Cumhurbaşkanı Erdoğan, Twitter’daki profil fotoğrafını değiştirdi. ‘Paşaların paşası’na yaraşır şekilde pilot montuyla çekilen fotoğrafını kullanıyor artık.

Ne de olsa seçime sayılı günler kaldı.

Sanırsınız...

14 Mayıs’ta sandığa değil, savaşa gidiyoruz.

Cumhur İttifakı, iki ayaklı bir kampanya yürütüyor. Bir yandan muhalefeti terörle ilişkili gösterirken, diğer yandan Türk Silahlı Kuvvetleri’ni (TSK) ve ülkenin askeri teknolojisini seçim reklamında kullanıyor.

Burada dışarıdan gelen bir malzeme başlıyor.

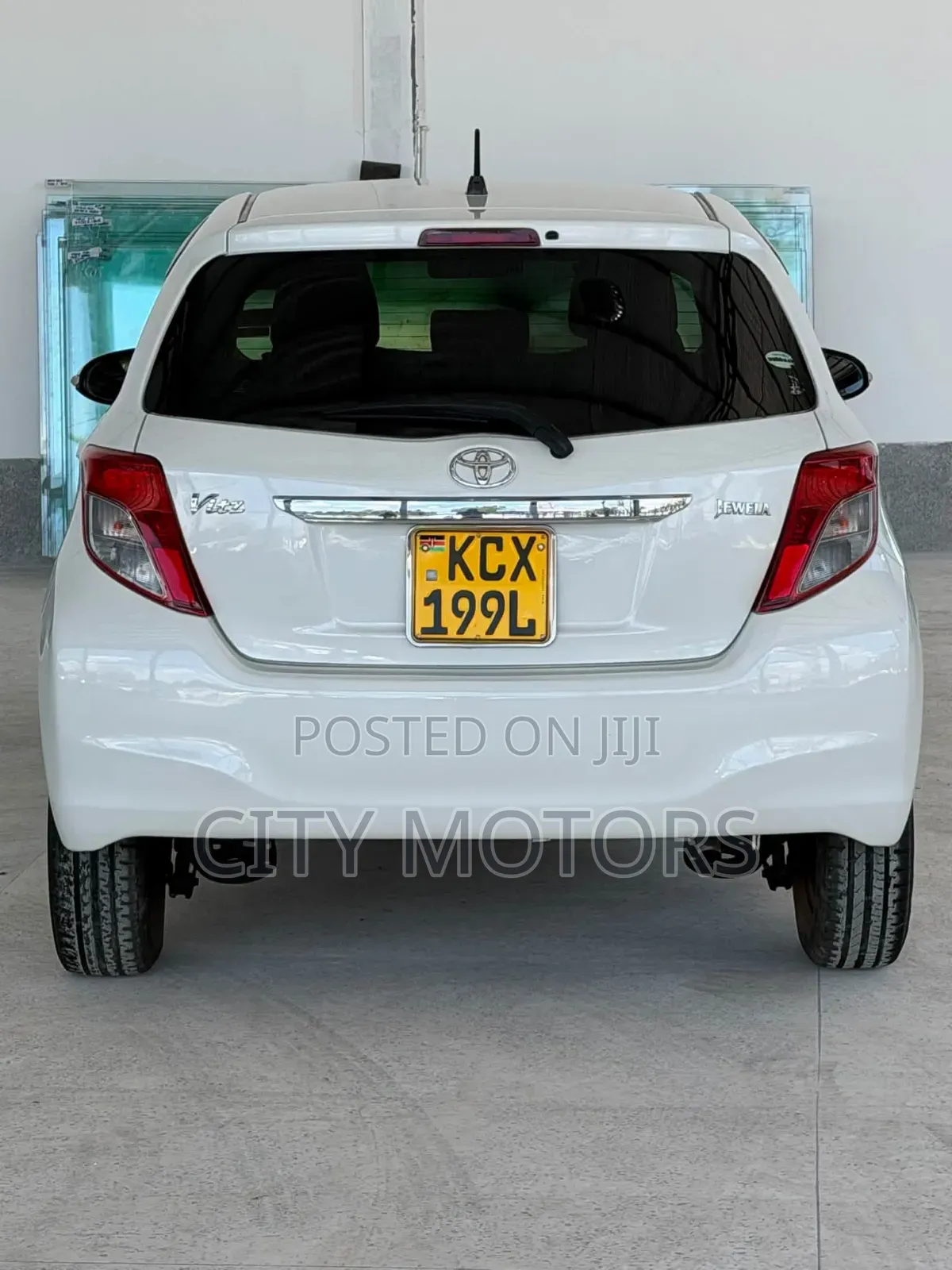 Toyota Vitz 1.0 FWD 5dr 2012 White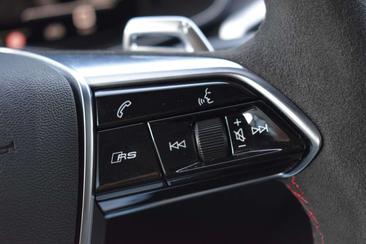 Audi RS6 Avant Performance — photo 27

Kıyı kıyı gezdirdikleri TGC Anadolu Gemisi’ni mümkün olsa Eskişehir’e götürüp Porsuk Nehri’nde yüzdürecekler.

Tank Palet Fabrikası’nın Katar’a satılması rezaletini bastırmak için Altay tankı bahanesine sığınmışlardı.

Dönemin Milli Savunma Bakanı Nurettin Canikli’ye göre 2019 sonu ve 2020 başında seri üretime geçilecekti.

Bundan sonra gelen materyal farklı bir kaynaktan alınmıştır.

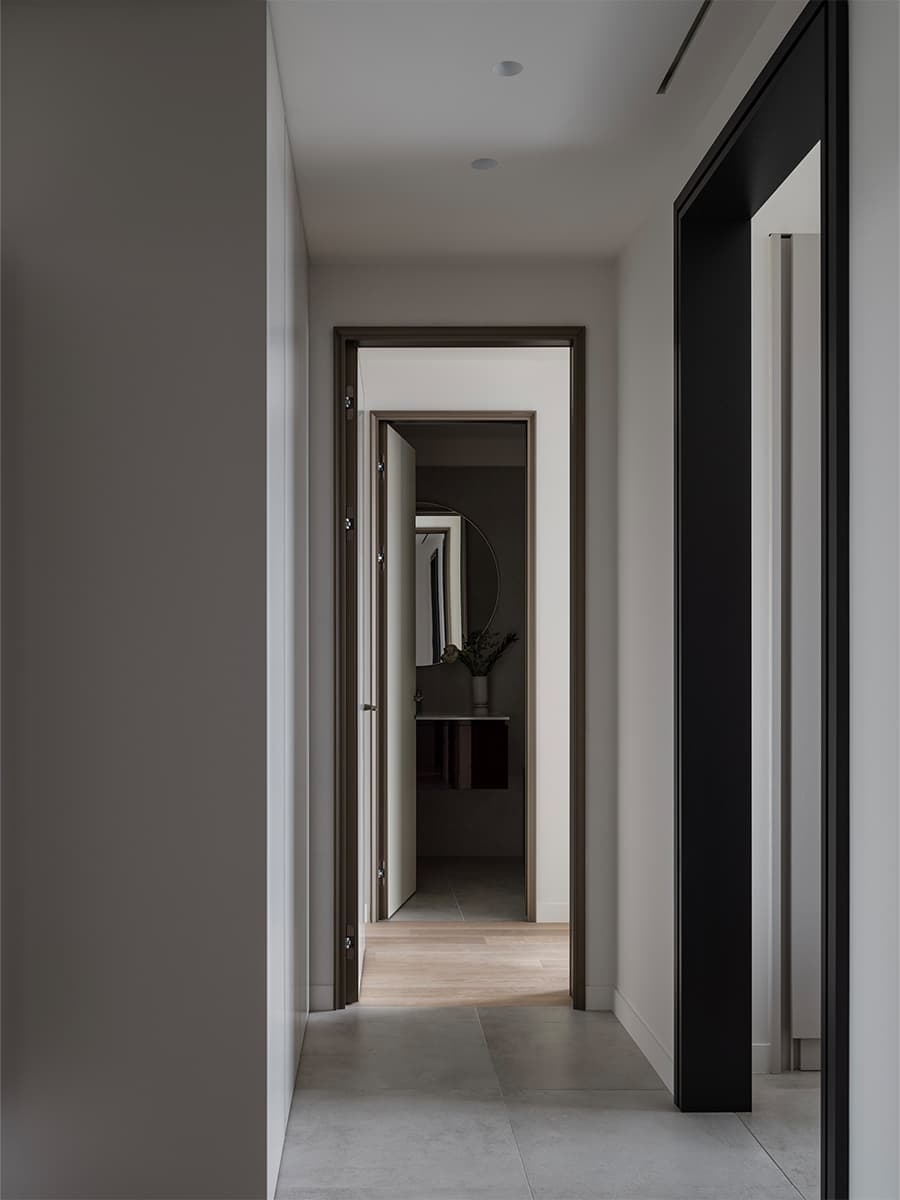 Монохромная палитра в интерьере компактной квартиры под сдачу — проект Attic Studio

Değil Altay tankının üretilmesi...

Çivi çakılmadı.

Ardından Savunma Sanayi Başkanı İsmail Demir, 2021’de üretime başlanacağını açıkladı.

Yine olmadı!

Beş yıldır üretilemeyen Altay’ın testi, ne hikmetse seçimden üç hafta öncesine, 23 Nisan’a yetiştirildi. Koca Altay Tankı, Cumhur’un seçim enstrümanına çevrildi. Altay’ın üzerine bir tek AK Parti’nin balonu asılmadı. Nasıl oldu da adını ‘Ak-tay’ koymadılar, hayret ediyorum.

Utanmasalar...

İHA ve SİHA’lardan AK Parti bildirileri atacaklar.

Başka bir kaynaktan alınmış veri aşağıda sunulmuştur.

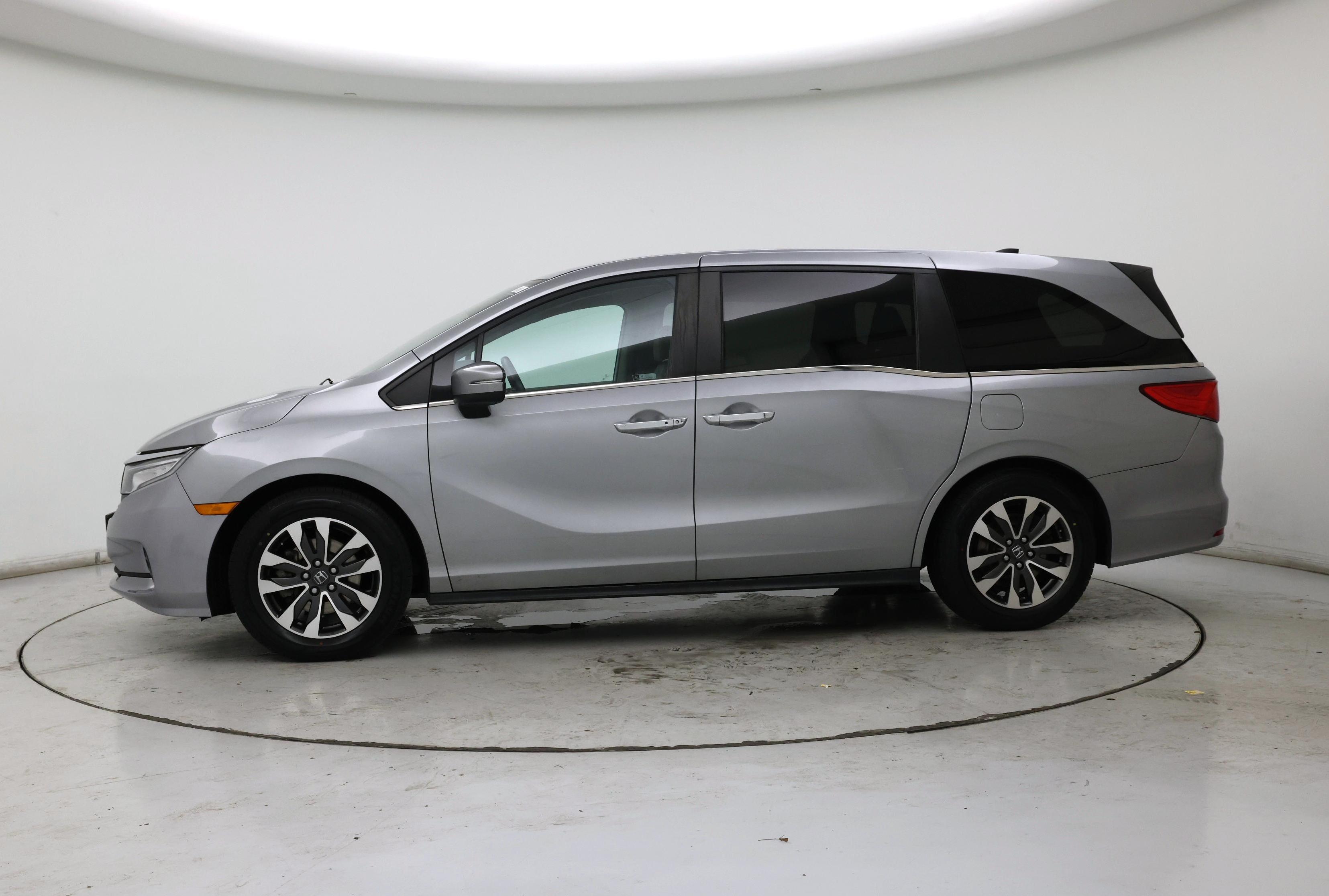 Thumbnail: 2021 Honda Odyssey - 3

MERMİLER ALINIYOR, İĞNELER SÖKÜLÜYOR

Erdoğan, TSK’yı seçimde istismar ederken gerçekte darbe vehminden kurtulamadığı için ordusundan kuşkulanıyor.

Bakmayın siz Twitter profiline pilot montlu fotoğraf koyduğuna.

Ülkenin savaş pilotlarına karşı olağanüstü bir güvensizlik duyuyor.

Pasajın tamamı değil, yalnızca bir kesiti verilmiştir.